*Exercise goal*: Look below for the line that has "Puedo Extraer Atributos". Set down the lines from there through the line that has "BILLETERA 125073 B15 CRUDO", exactly as written.

*Record excerpts*:
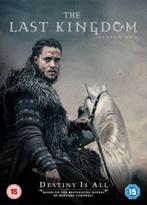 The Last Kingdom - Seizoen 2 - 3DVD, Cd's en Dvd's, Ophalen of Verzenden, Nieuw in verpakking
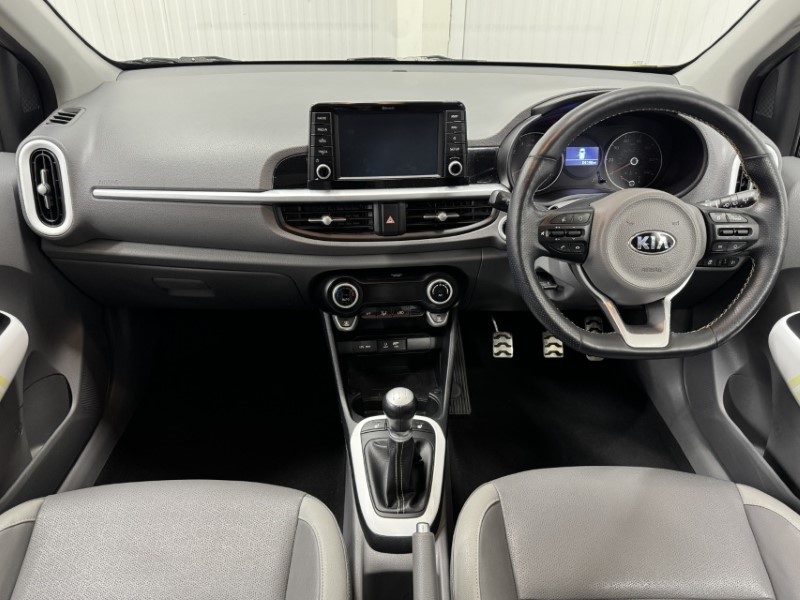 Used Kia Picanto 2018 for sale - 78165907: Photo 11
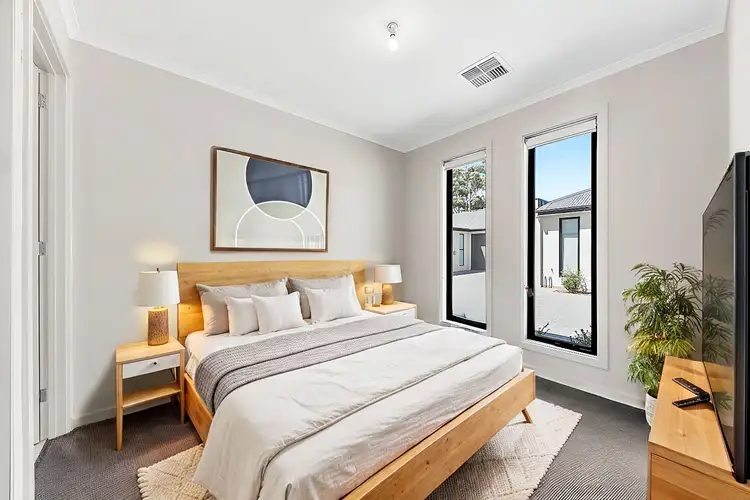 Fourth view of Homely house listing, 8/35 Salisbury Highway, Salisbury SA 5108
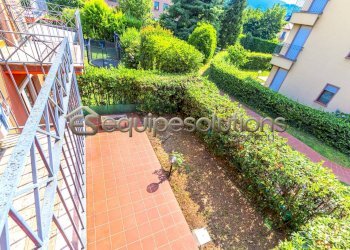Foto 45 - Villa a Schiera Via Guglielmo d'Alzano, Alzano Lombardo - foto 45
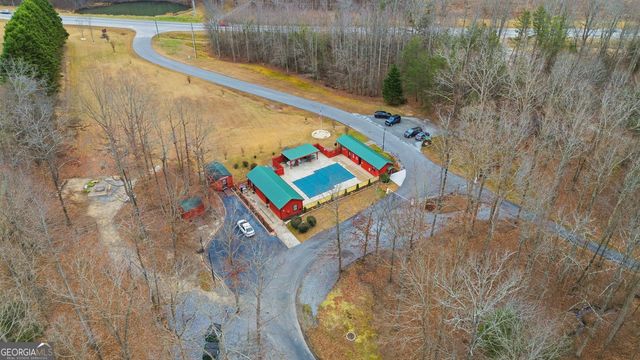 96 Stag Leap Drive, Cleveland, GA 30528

==

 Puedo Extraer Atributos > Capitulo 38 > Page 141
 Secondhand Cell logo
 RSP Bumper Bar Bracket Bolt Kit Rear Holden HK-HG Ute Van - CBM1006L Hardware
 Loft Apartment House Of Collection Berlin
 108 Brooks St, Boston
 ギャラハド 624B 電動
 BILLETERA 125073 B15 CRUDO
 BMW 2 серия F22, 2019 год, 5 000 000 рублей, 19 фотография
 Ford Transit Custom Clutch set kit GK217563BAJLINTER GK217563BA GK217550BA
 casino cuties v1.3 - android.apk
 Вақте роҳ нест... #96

*Exercise response*:
 Puedo Extraer Atributos > Capitulo 38 > Page 141
 Secondhand Cell logo
 RSP Bumper Bar Bracket Bolt Kit Rear Holden HK-HG Ute Van - CBM1006L Hardware
 Loft Apartment House Of Collection Berlin
 108 Brooks St, Boston
 ギャラハド 624B 電動
 BILLETERA 125073 B15 CRUDO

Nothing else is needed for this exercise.